Similarly, professional female writers (and experienced hobbyists)
frequently use male writing styles. Gender Guesser does not take any
of these factors into account.
* Email can blur the lines between formal and informal writing styles.
An informal email from a manager may have traces of formality, and a
formal email from a 12-year-old is likely to be informal compared to a
letter from a 40-year-old. Do not be surprised if email messages sent
to public forums test incorrectly -- when writing for an audience,
people commonly use informal words, phrases, and slang within a formal
writing style.
* Quotations, block quotes, and included text usually carries the
gender from the initial author. Be sure to remove quoted text from any
pasted content. Also, significant changes from a copy-editor can
result in a different gender analysis. (A male editor may make a
female author's news article appear MALE or as a Weak MALE.)
* Lyrics, lists, poems, and prose are special writing styles. This
tool is unlikely to classify these texts correctly.
* The system needs a paragraph or two of text in order to observe word
repetition. A good sample should have 300 words or more. Fewer words
can lead to more variation in accuracy, and a single sentence is
unlikely to generate an accurate result. Pasting the same text
multiple times will not change the results!

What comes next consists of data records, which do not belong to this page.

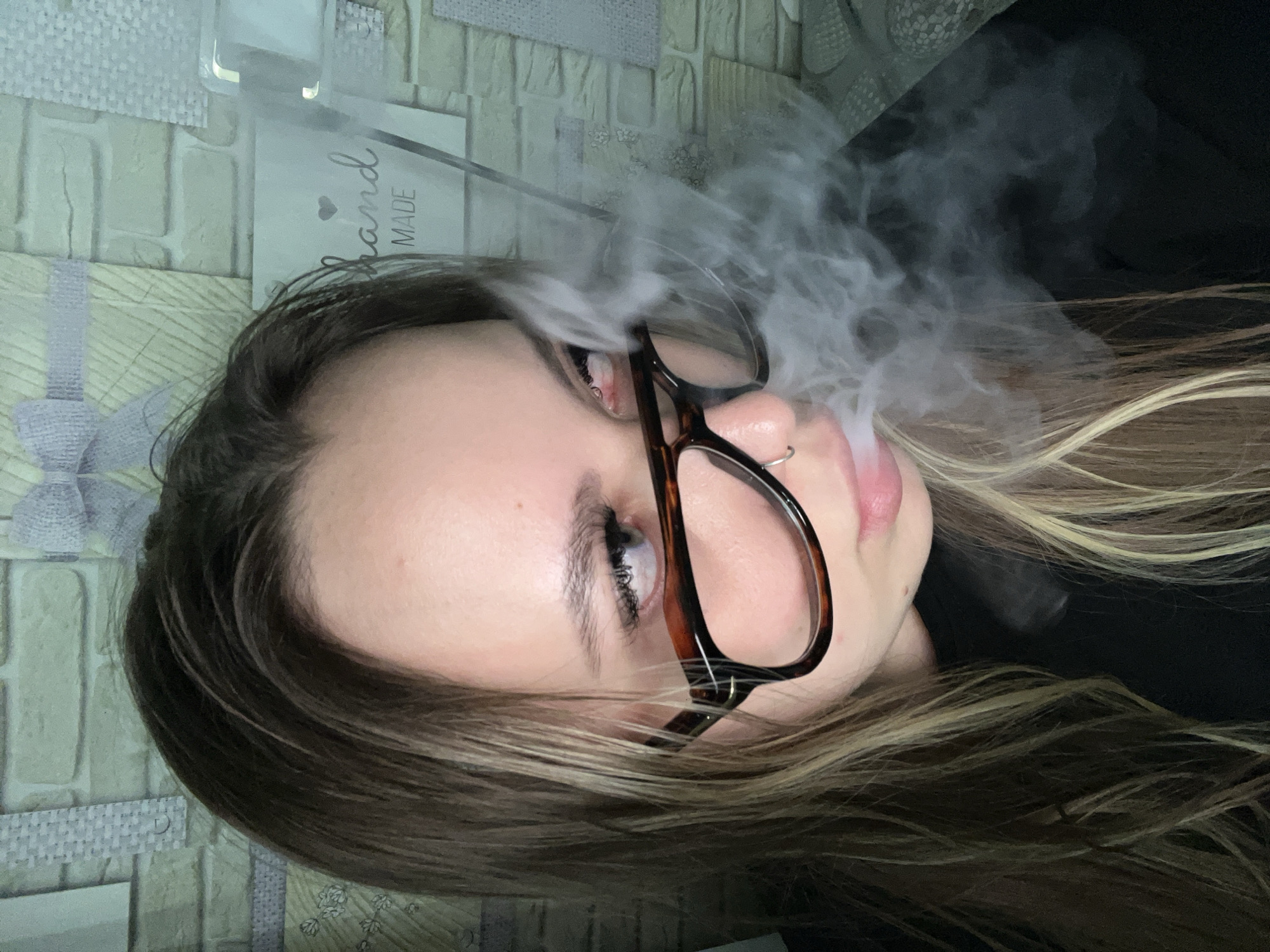 A woman with brown hair highlighted with blonde streaks, wearing tortoiseshell-framed glasses and a small nose ring, is positioned in front of a decorative brick-patterned wall. She is partially obscured by a plume of smoke emanating from her mouth. The setting is an indoor location, identifiable as Port-Katon, Russia.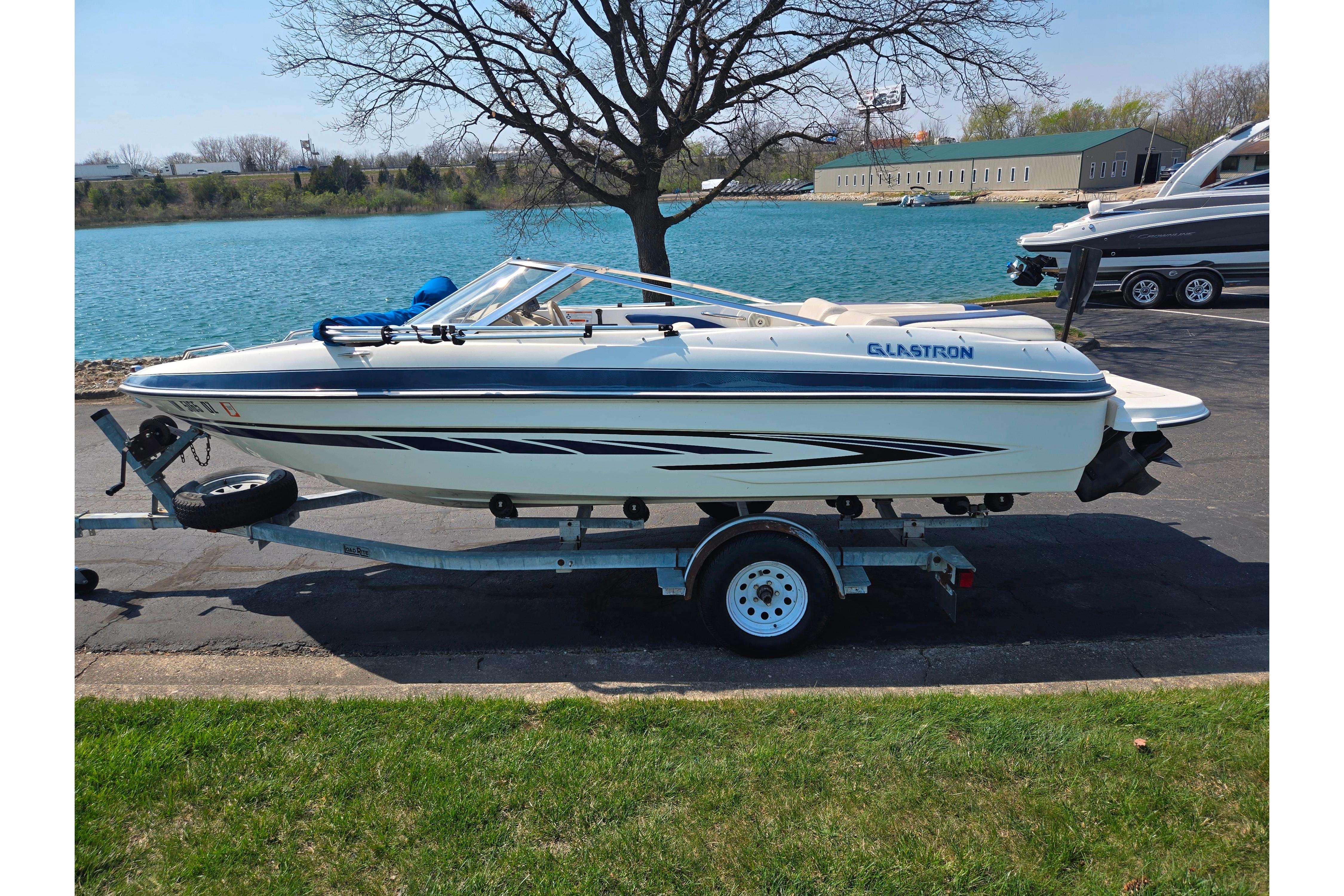 2007 Glastron GT 185 boat on trailer by a lake, sunny day.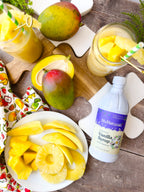 Vanilla Syrup 16 oz bottle on a wooden board beside sliced mango, pineapple rings, and glasses of fruit drink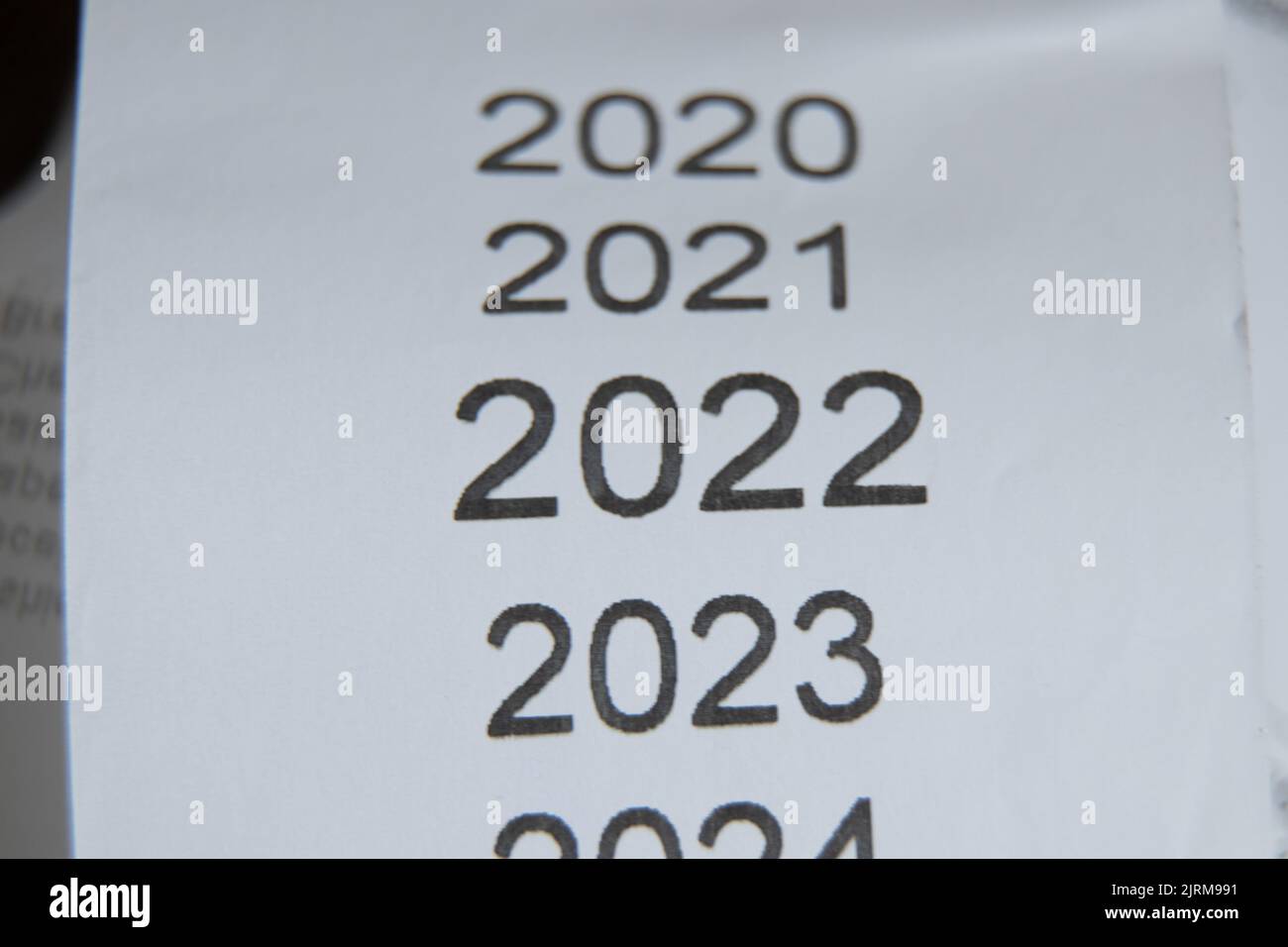 years in the checklist 2020,2021,2022,2023 as a list of years printed on checks, new year 2022 on paper as a background, a list with a list of years Stock Photo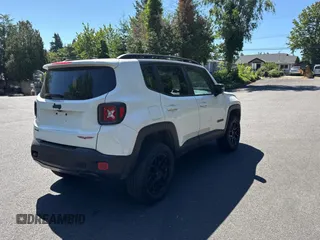 2017 Jeep Renegade Trailhawk with VIN ZACCJBCB6HPE79727, listed as a Copart auction lot 64074965 with 90,651 mi miles and Salvage title. Bid and sale history available at DreamBid. Image 4.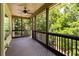 Relaxing screened porch with wood flooring and views of the surrounding trees at 42 Treemont Se Dr, Cartersville, GA 30121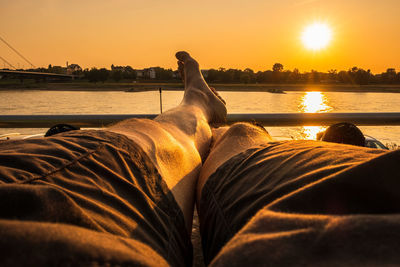 Muscular legs person in shorts relaxing on riverbank watching sunset pov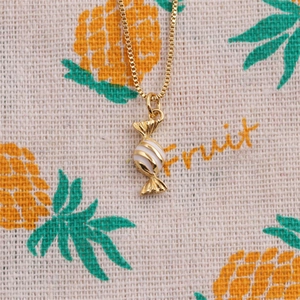 Detail view of a gold-plated lollipop pendant necklace with white enamel on fabric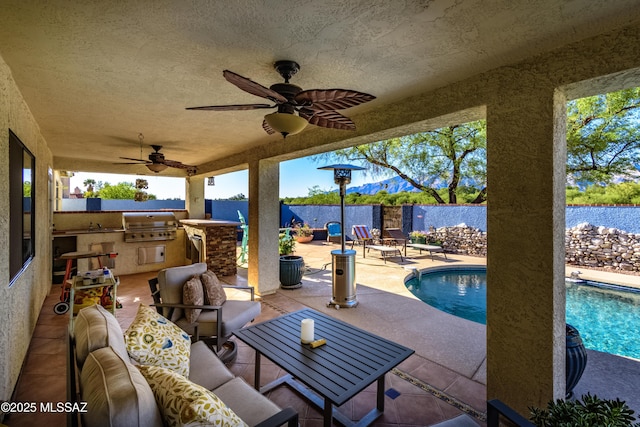 7361 E Riverbank Loop, Tucson, AZ 85715 - view of patio featuring a fenced in pool, a ceiling fan, outdoor lounge area, and a fenced backyard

* People tend to write with consistent styles. If the system
misclassifies a particular author, then other writings by the same
author will likely be misclassify the same way.
* And most importantly: This is an ESTIMATE. Please do not email me
about instances where it made the wrong determination. (I've seen it
generate incorrect results lots of times already.)
----
I can't tell if you're trolling or you have actually taken the bait. You
do realize the person that you were responding to in earlier posts is not
actually Neal Krawetz, right?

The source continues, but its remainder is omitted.